The illustrations below will explain how the two lending rules work alongside the existing rules.
Converting a Non-Disclosure Result into a Disclosure
Our Major: Japan rules have been updated to give clients the ability to convert any non-disclosure result into a disclosure alert. This new capability covers all Major rules, with the exception of the Major: Japan - Diluted Denominator and the Major: Japan - Lending - Prime rules.
In the context of our Major: Japan rules, this enhancement is especially valuable as the rule sets rely on swinging thresholds. Additionally, there are various scenarios which require a disclosure, e.g. change of purpose of the holding or change of address of the joint holders, but are not covered by the FundApps rule engine. For more detailed information, please refer to the aosphere memorandum on Japan.

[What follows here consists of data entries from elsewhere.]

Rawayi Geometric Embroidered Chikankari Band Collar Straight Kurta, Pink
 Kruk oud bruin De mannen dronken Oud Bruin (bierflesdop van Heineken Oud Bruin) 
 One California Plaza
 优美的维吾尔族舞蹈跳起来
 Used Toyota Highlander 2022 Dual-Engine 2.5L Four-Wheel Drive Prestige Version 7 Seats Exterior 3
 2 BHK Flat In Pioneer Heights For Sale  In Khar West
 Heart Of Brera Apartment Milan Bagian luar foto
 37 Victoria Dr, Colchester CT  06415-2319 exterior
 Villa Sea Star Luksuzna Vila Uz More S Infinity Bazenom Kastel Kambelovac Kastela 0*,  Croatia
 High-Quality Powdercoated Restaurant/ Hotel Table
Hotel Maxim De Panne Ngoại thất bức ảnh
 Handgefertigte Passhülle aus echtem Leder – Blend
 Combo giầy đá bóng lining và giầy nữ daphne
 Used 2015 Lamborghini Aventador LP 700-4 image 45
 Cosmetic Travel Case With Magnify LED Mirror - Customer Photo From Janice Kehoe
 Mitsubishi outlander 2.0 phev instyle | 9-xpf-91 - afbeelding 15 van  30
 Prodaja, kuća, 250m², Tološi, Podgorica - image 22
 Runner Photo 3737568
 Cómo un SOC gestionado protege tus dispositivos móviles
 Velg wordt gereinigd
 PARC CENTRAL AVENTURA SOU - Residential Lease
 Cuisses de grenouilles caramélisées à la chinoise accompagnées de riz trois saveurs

When using the new functionality, it is absolutely crucial to convert to disclosure all results of all entities and all Major: Japan rules (with the exception of Major: Japan - Diluted Denominator and Major: Japan - Lending - Prime) for a given issuer for the day on which you wish to anchor a value, for a disclosure that was made outside of FundApps.
As an aside, in certain circumstances where an entity has been fully sold out/dropped below 0.1% without triggering a disclosure, there will be no alert in FundApps that can be converted into a disclosure. Since no assets are captured by the rule on that day, the engine does not calculate a holding and thus triggers no alert that is convertible.
Sold out/Below 0.1% Entity Limitation
We identified that the logic to re-anchor entity/lending positions might lead to incorrect disclosure triggers following this specific chain of events:
1. A disclosure is triggered for a given issuer at below 1% for Entity A
2. The position then becomes non-reportable in Entity A (due to a sellout or a drop to below 0.1%)
3. Subsequently, while the position is non-reportable in Entity A, a separate disclosure obligation occurs outside of Entity A, meaning that the latest public disclosure shows a position of 0 for Entity A
In this very specific case, FundApps will continue to use the last disclosed value prior to the sellout/drop below 0.1% for Entity A as an anchor point for the 1% swinging threshold. This anchor value will remain in the system until a new disclosure is triggered while Entity A holds over 0.1%. However, in this scenario, the correct anchor value would be 0%.
This means that, theoretically, Entity A could cross the 1% swinging threshold by building up a position without triggering a disclosure in FundApps. However, we would anticipate either another disclosure obligation to arise or the group level 1% threshold being reached first.